Absolutely a staple for this look! Wood knobs on antique furniture or painted wood knobs on cabinetry are almost always seen in cottages.
You wouldn’t be wrong for installing a few peg rails throughout the house. This concept derived from the Shaker style but it blends so well within English cottages too. Put them in the bathroom, kitchen, hallway, laundry room, entry, or honestly anywhere!
WEATHERED WOODS & ANTIQUE FURNITURE
Authentically weathered woods and antique furniture are a must for English cottage interiors. From aged wood beams lining the ceiling to dark weathered wood floors….it’s what makes the house look like it’s sat there for a century. And while it’s ok to use new wood and age it yourself, you’ll find the final look much more authentic when you use old wood.
Antique dressers, dining tables, and stools accentuate the look even more which leads me to my next point…
NOTHING LOOKS NEW
If there’s one “no-no” to creating a true English cottage look, it’s incorporating pieces that look brand new. The idea is that your home has been here for hundreds of years and your furniture should reflect that. A shiny new dining table surrounded by antique chairs is going to look out of place. That doesn’t mean that absolutely nothing in your home can be new…not everyone is up for a used couch…but perfecting that imperfect look is going to be the key.
COLLECTED AND ACQUIRED LOOK
You know it’s a true English cottage look when it has somewhat of an eclectic and evolved look. This style isn’t meant to be created in a day. Acquiring antique furniture, artwork, and vintage serveware over time will result in nothing in your home perfectly matching…which is kinda the point!
VERTICAL SHIPLAP / BEADBOARD
Years ago I would’ve coined vertical shiplap as strictly a farmhouse vibe, but then I started dissecting photos of English cottages and was so surprised to find both vertical shiplap and beadboard tucked into so many homes. I’m telling you, this element is a classic for so many styles!
LOTS OF PATTERNS!!!
Perhaps the most important element is including lots and lots and lots of patterns! This style is not shy when it comes to toile wallpaper, paisley furniture, striped pillows, and floral…so much floral. The rules of pattern mixing go out the window and you can get as “matchy-matchy” or as funky as you want when blending patterns within a room.

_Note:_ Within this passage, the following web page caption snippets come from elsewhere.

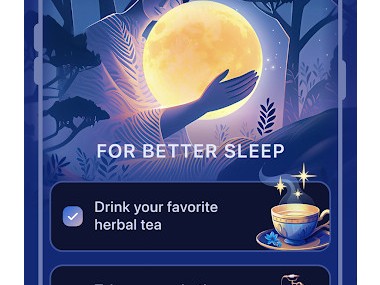 Lune: Bedtime Sleep Routine
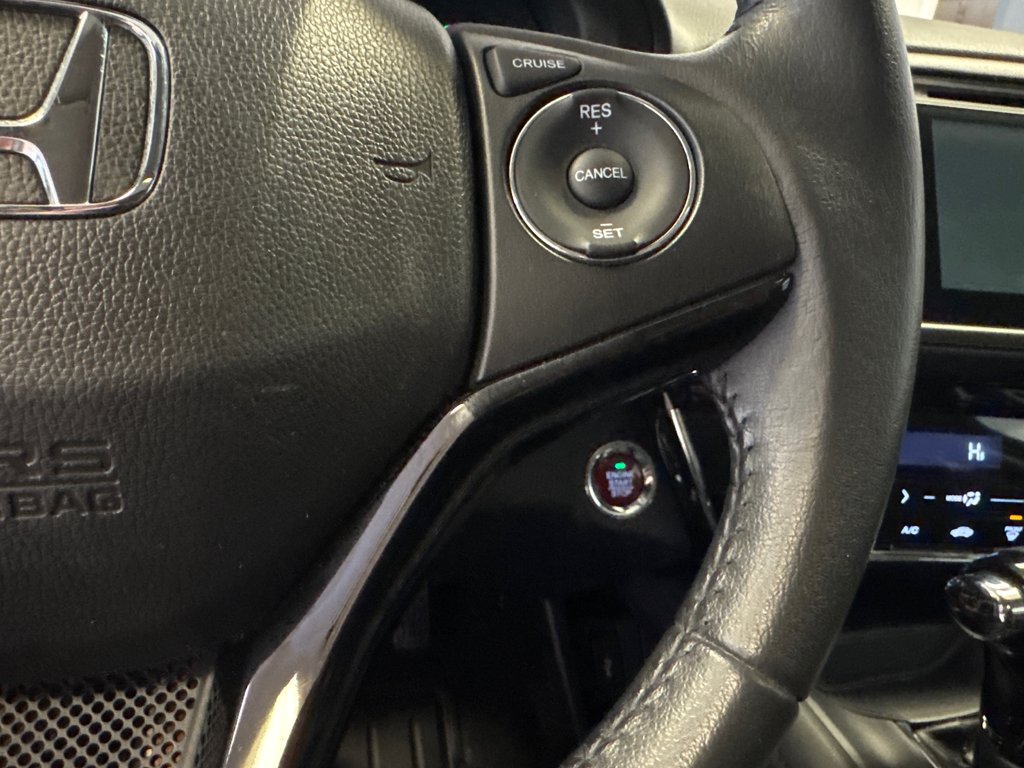 2017 Honda HR-V EX-L AWD *NAVIGATION + CUIR* in Richmond, Quebec - 27 - w1024h768px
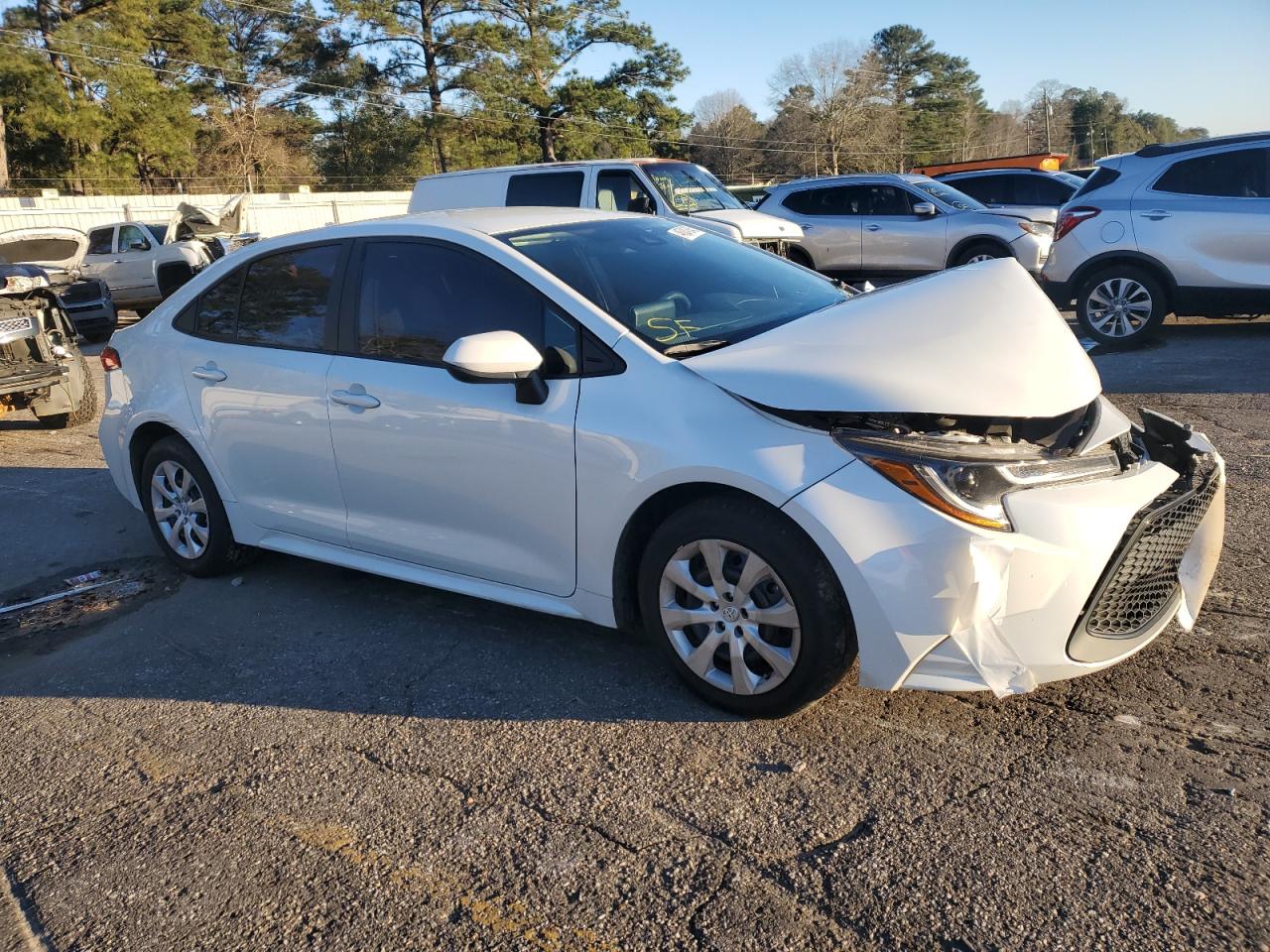 2022 TOYOTA COROLLA LE VIN:5YFEPMAEXNP375104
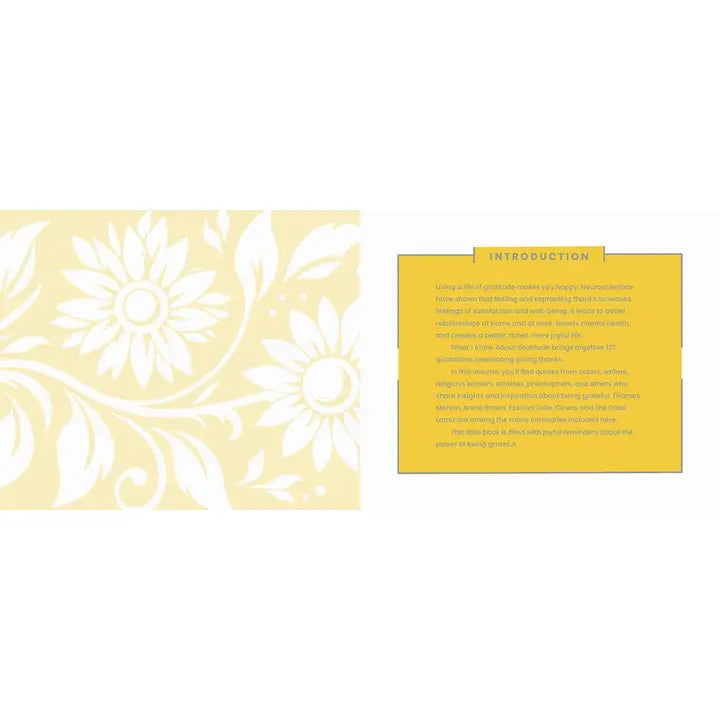 Know About Gratitude Book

Keep your eyes peeled for pleated shades in the thrift stores! Doesn’t matter if they’re solid, floral patterned, or even a little bit ugly…trust me it belongs in an English cottage.
Comfort is important and oversized club chairs or plush couches are pretty common. If you sink into the cushions then you’re doing it right.
ENGLISH ARMS ON CHAIRS & SOFAS
Bonus points for picking seating with english arms! English arms (or rolled arms) have rounded arms with folded fabric like in the photo above.
Creating a cozy feel is essential and it’s ten times easier to do that when you have grilles in your windows. It’s not essential to the look, but it is incredibly impactful in my opinion.
MUTED BOTANICAL COLORS
The colors of your home should reflect the colors of a botanical garden. Creating a color palette that mirrors the outdoors is key. While some saturated colors can be found in English cottages, we’re more likely to see a muted palette highlighting faded blues, sage greens, pale pinks, etc.
LOTS OF BOOKS (AND NOT JUST THE PRETTY KIND)
If there’s one thing that pops in my head the second I think of an English cottage, I think of books! A makeshift library or a bookshelf filled to the brim with pretty AND not so pretty books will do the job…Because the English cottage look is about embracing imperfection all the way from weathered woods, and worn furniture, to books that don’t have designer covers.
A LITTLE CLUTTER
And last but not least, because this style is all about collecting antiques and acquiring over time, it’s not uncommon for an English cottage to look a little bit cluttered and a little bit busy…but in the best way possible!